**THE TASK:** Once the pictures are removed, reproduce what is left of the data below exactly.

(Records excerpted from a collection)
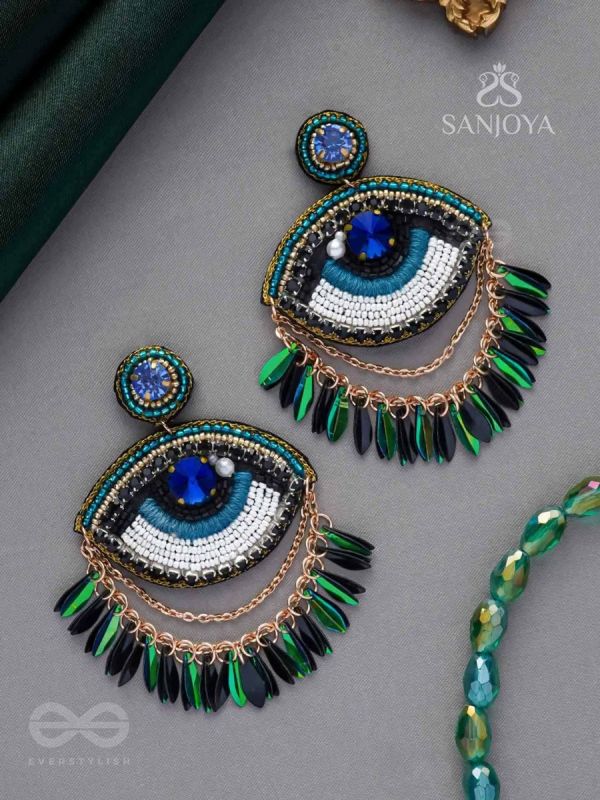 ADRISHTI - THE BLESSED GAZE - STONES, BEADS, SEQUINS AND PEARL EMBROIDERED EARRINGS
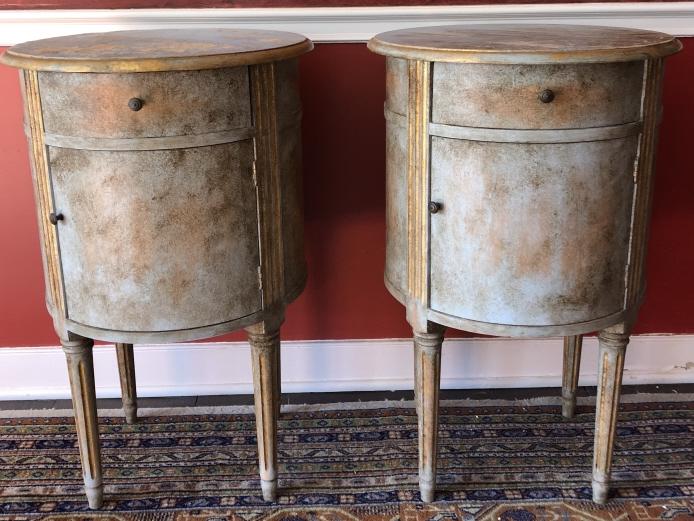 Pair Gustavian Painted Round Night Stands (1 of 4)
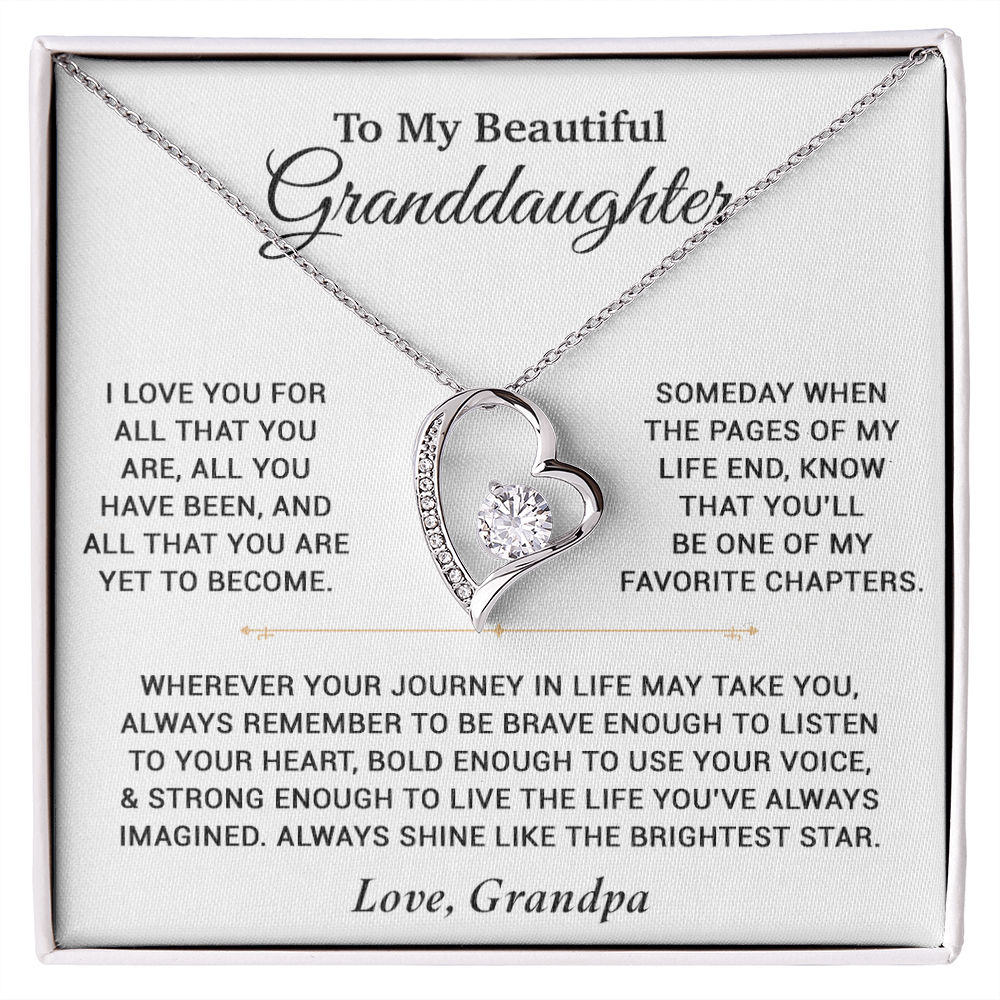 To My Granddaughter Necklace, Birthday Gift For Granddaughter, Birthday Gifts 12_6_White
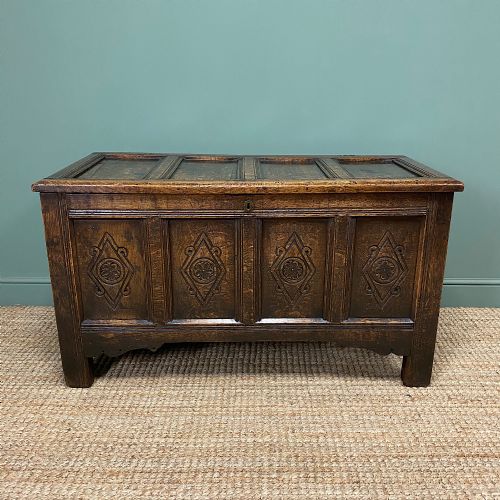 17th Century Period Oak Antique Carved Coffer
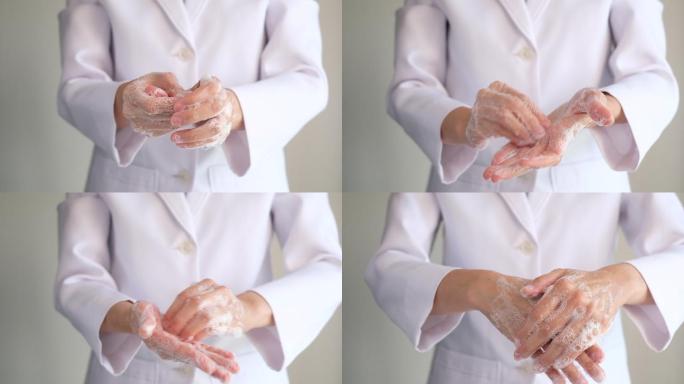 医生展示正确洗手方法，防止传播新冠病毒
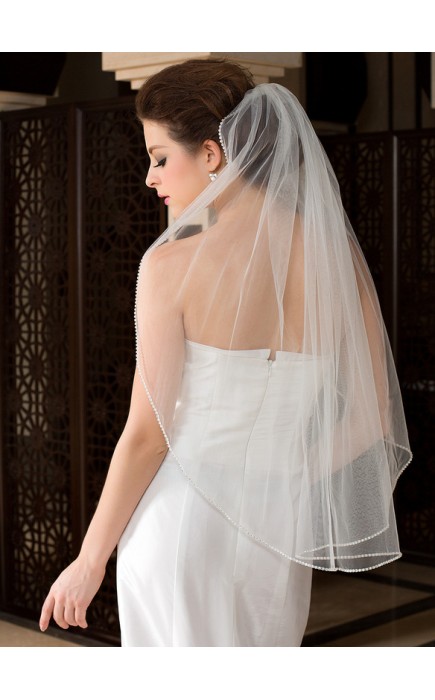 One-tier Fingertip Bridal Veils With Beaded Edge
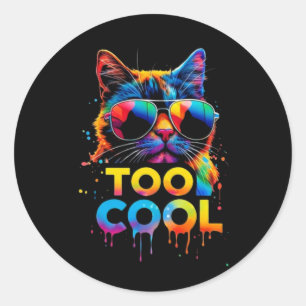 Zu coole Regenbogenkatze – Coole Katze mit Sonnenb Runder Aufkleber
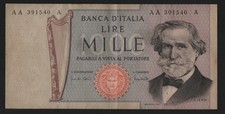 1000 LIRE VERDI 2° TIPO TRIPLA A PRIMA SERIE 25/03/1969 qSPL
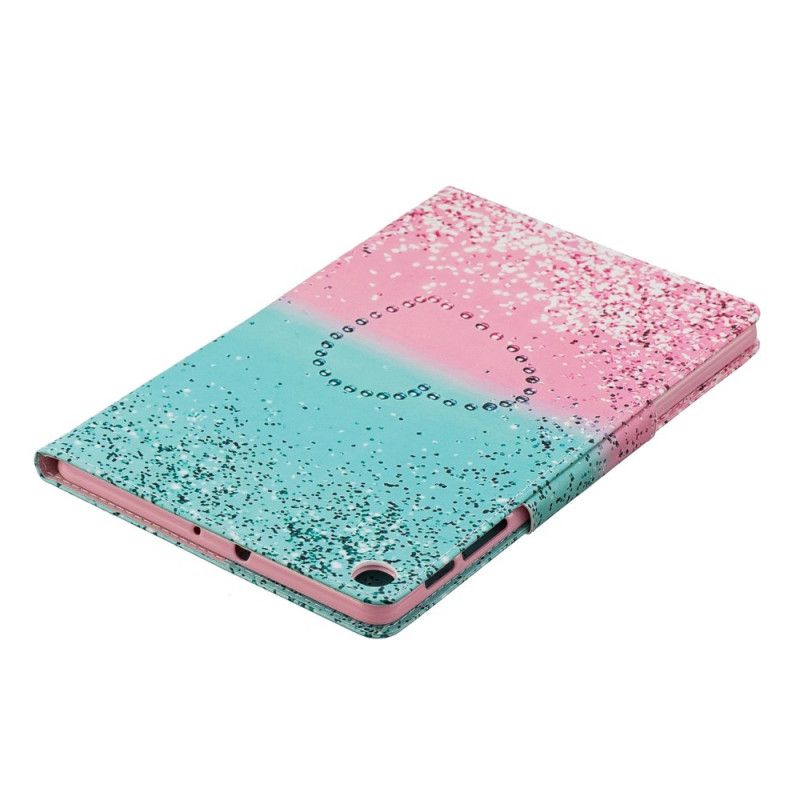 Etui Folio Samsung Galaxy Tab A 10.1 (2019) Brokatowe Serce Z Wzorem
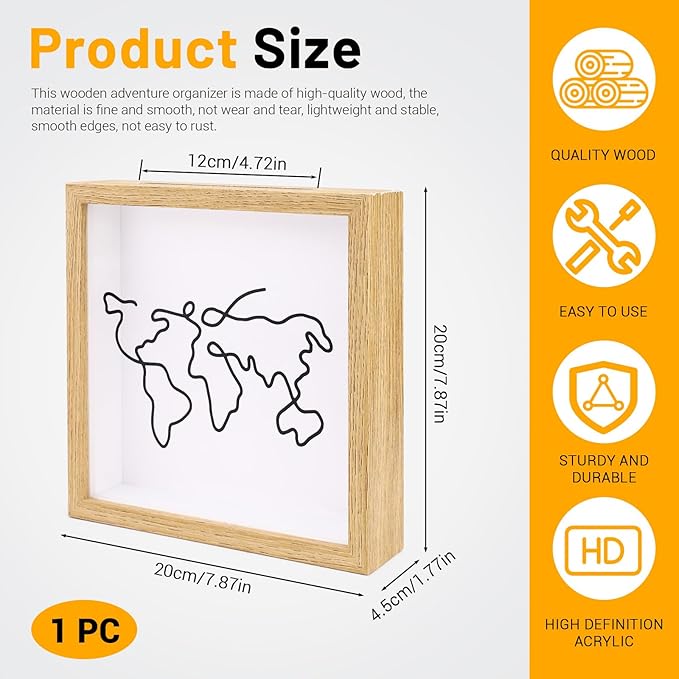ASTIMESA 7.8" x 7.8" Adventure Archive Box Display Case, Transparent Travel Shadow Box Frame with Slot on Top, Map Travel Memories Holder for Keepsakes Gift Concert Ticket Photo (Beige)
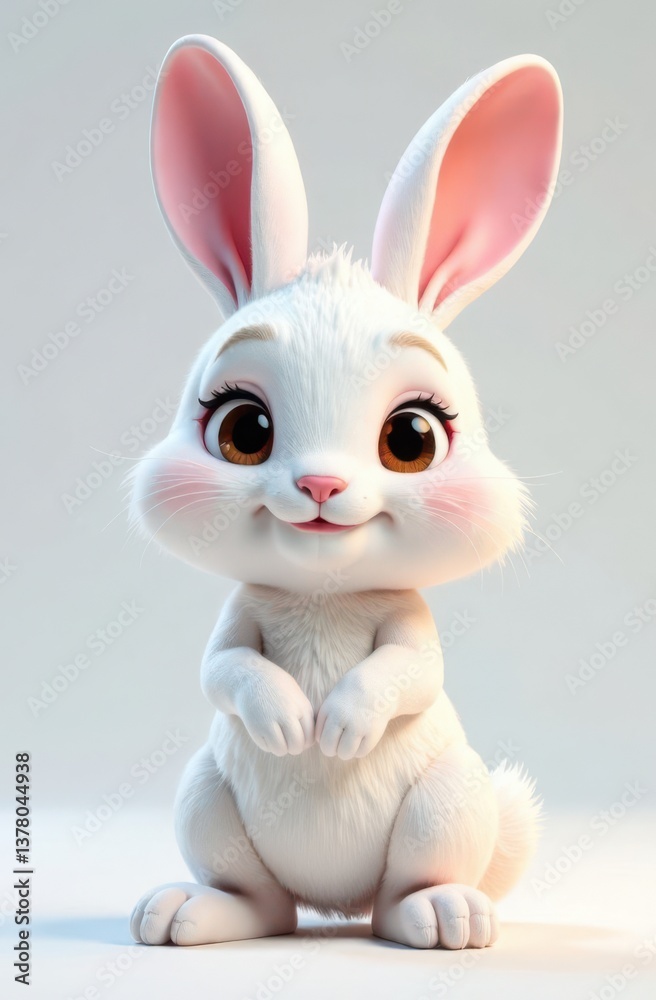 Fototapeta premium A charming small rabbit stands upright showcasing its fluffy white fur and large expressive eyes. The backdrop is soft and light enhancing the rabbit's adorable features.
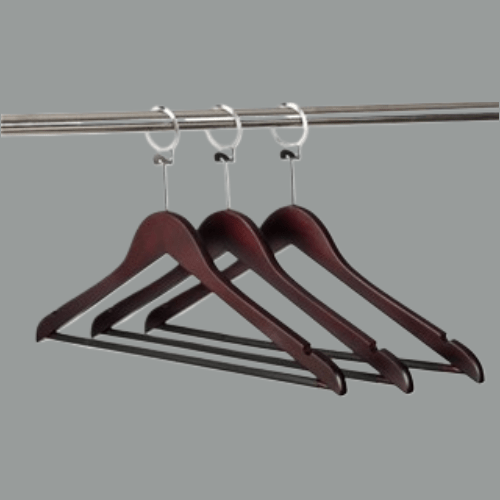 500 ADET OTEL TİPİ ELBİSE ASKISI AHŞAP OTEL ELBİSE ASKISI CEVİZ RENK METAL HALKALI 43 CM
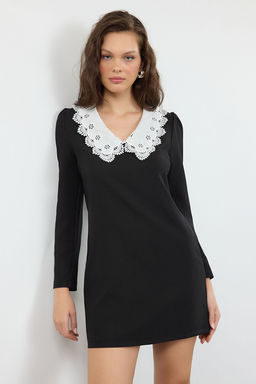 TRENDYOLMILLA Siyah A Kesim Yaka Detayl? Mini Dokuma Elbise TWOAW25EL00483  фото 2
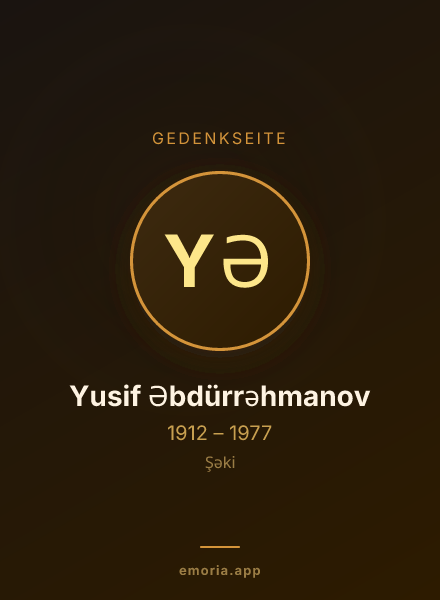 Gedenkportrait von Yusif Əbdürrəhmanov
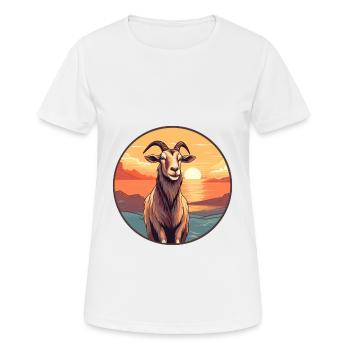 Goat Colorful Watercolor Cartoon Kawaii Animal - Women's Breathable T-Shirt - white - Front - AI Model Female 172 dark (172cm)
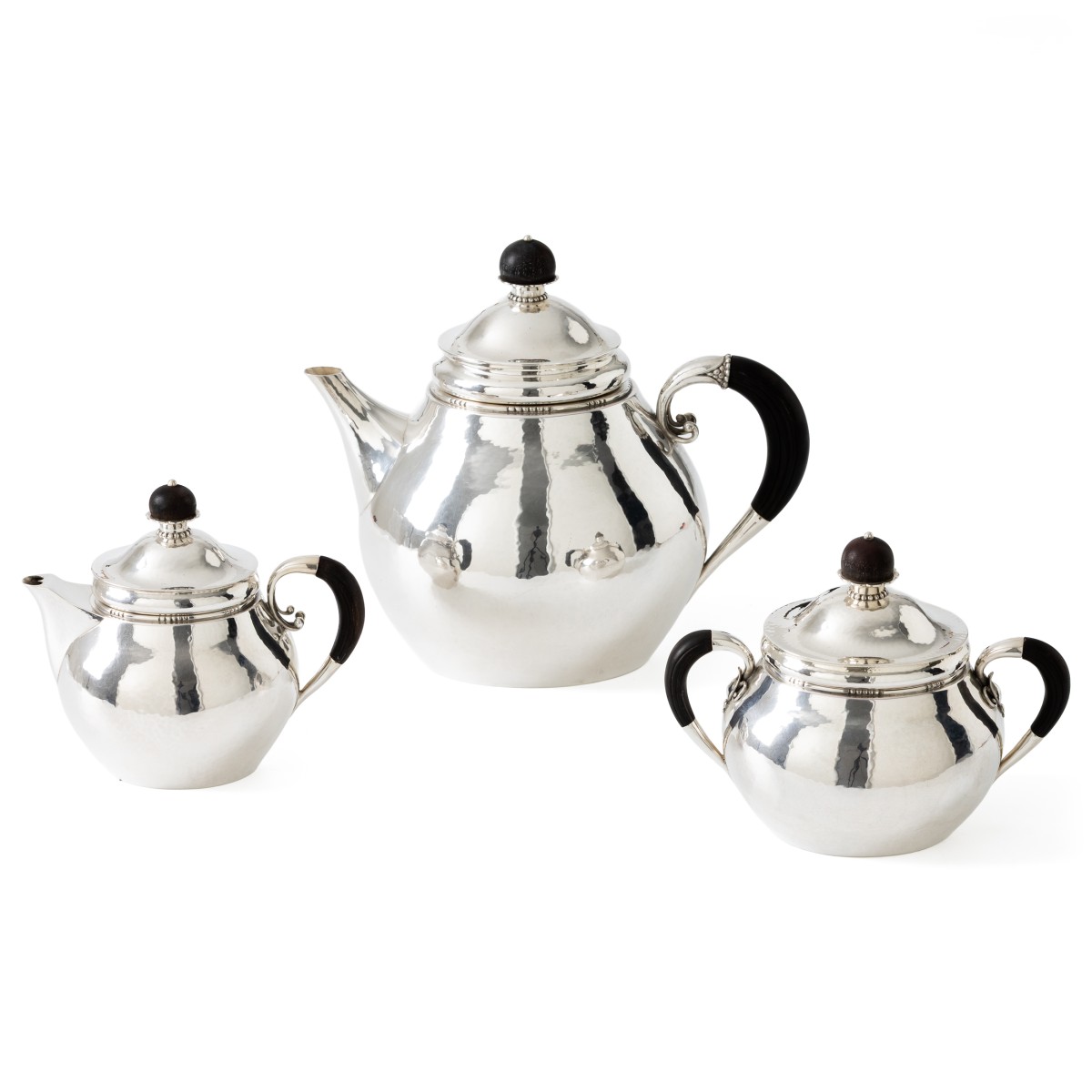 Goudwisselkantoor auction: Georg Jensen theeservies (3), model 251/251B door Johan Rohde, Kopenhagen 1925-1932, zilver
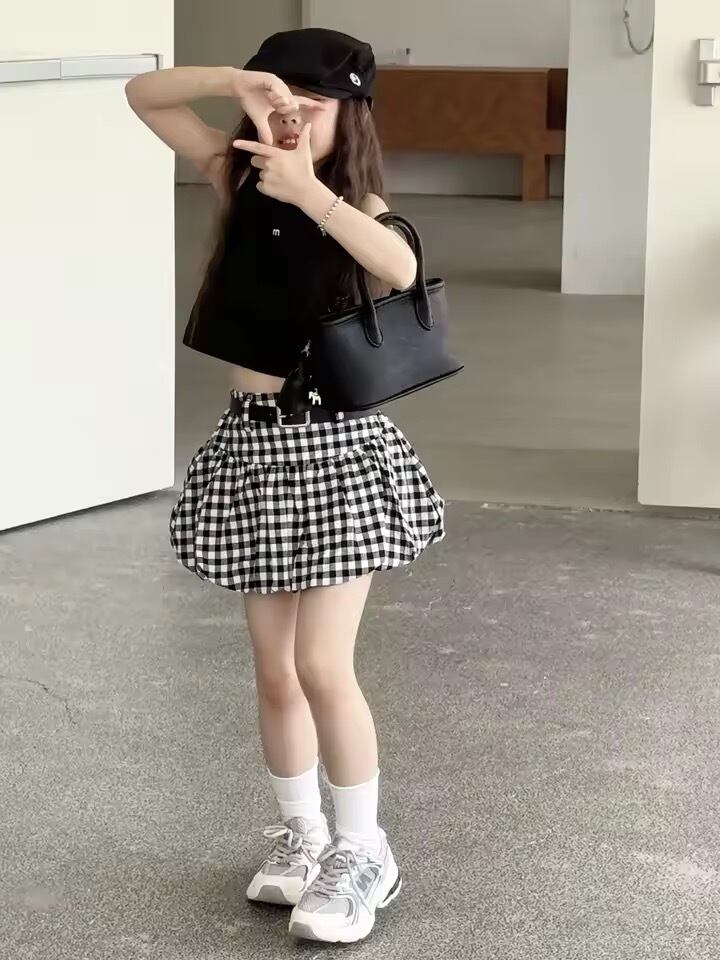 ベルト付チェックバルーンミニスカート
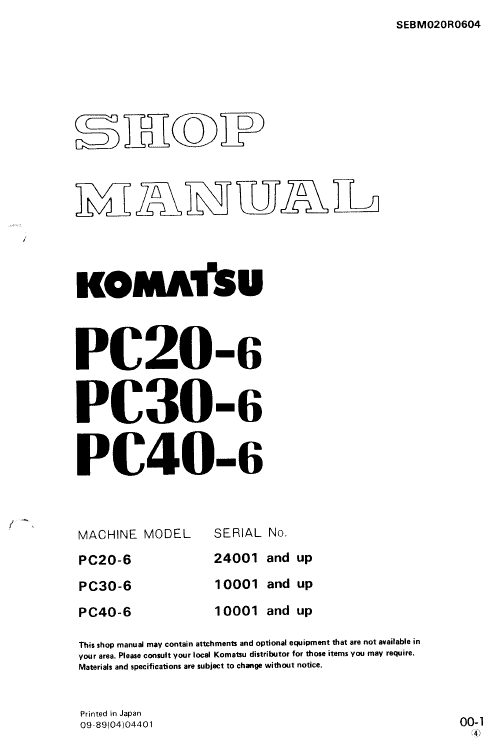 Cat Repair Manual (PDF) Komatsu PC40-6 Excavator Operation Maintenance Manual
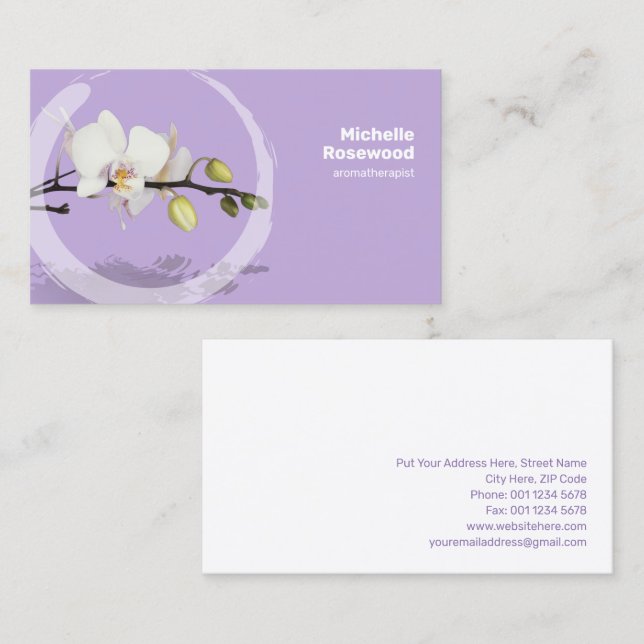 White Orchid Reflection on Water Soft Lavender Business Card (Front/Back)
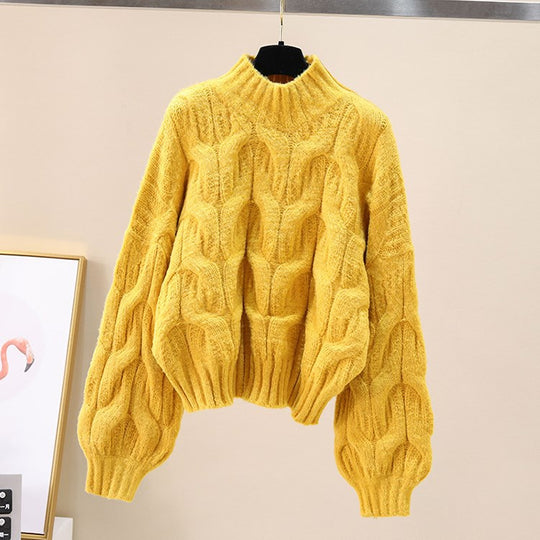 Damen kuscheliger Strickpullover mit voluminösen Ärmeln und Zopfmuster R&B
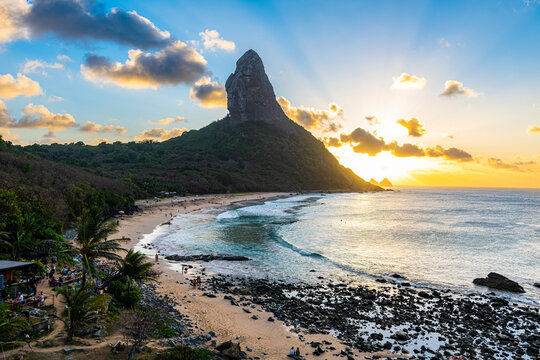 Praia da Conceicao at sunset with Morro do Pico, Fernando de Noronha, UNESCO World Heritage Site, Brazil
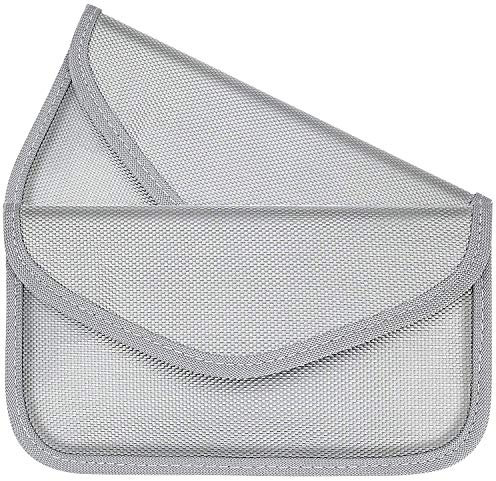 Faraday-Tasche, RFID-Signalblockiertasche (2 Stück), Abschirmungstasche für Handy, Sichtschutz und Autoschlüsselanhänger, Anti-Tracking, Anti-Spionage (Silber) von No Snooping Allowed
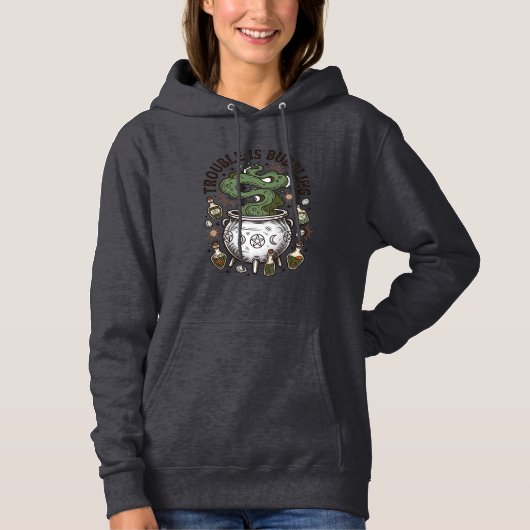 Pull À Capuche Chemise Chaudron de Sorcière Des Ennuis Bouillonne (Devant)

**RESULT:**
 ADRISHTI - THE BLESSED GAZE - STONES, BEADS, SEQUINS AND PEARL EMBROIDERED EARRINGS
 Pair Gustavian Painted Round Night Stands (1 of 4)
 To My Granddaughter Necklace, Birthday Gift For Granddaughter, Birthday Gifts 12_6_White
 17th Century Period Oak Antique Carved Coffer
 医生展示正确洗手方法，防止传播新冠病毒
 One-tier Fingertip Bridal Veils With Beaded Edge
 Zu coole Regenbogenkatze – Coole Katze mit Sonnenb Runder Aufkleber
 1000 LIRE VERDI 2° TIPO TRIPLA A PRIMA SERIE 25/03/1969 qSPL
 Etui Folio Samsung Galaxy Tab A 10.1 (2019) Brokatowe Serce Z Wzorem
ASTIMESA 7.8" x 7.8" Adventure Archive Box Display Case, Transparent Travel Shadow Box Frame with Slot on Top, Map Travel Memories Holder for Keepsakes Gift Concert Ticket Photo (Beige)
 Fototapeta premium A charming small rabbit stands upright showcasing its fluffy white fur and large expressive eyes. The backdrop is soft and light enhancing the rabbit's adorable features.
 500 ADET OTEL TİPİ ELBİSE ASKISI AHŞAP OTEL ELBİSE ASKISI CEVİZ RENK METAL HALKALI 43 CM
 TRENDYOLMILLA Siyah A Kesim Yaka Detayl? Mini Dokuma Elbise TWOAW25EL00483  фото 2
 Gedenkportrait von Yusif Əbdürrəhmanov
 Goat Colorful Watercolor Cartoon Kawaii Animal - Women's Breathable T-Shirt - white - Front - AI Model Female 172 dark (172cm)
 Goudwisselkantoor auction: Georg Jensen theeservies (3), model 251/251B door Johan Rohde, Kopenhagen 1925-1932, zilver
 ベルト付チェックバルーンミニスカート
 Cat Repair Manual (PDF) Komatsu PC40-6 Excavator Operation Maintenance Manual
 White Orchid Reflection on Water Soft Lavender Business Card (Front/Back)
 Damen kuscheliger Strickpullover mit voluminösen Ärmeln und Zopfmuster R&B
 Praia da Conceicao at sunset with Morro do Pico, Fernando de Noronha, UNESCO World Heritage Site, Brazil
 Faraday-Tasche, RFID-Signalblockiertasche (2 Stück), Abschirmungstasche für Handy, Sichtschutz und Autoschlüsselanhänger, Anti-Tracking, Anti-Spionage (Silber) von No Snooping Allowed
 Pull À Capuche Chemise Chaudron de Sorcière Des Ennuis Bouillonne (Devant)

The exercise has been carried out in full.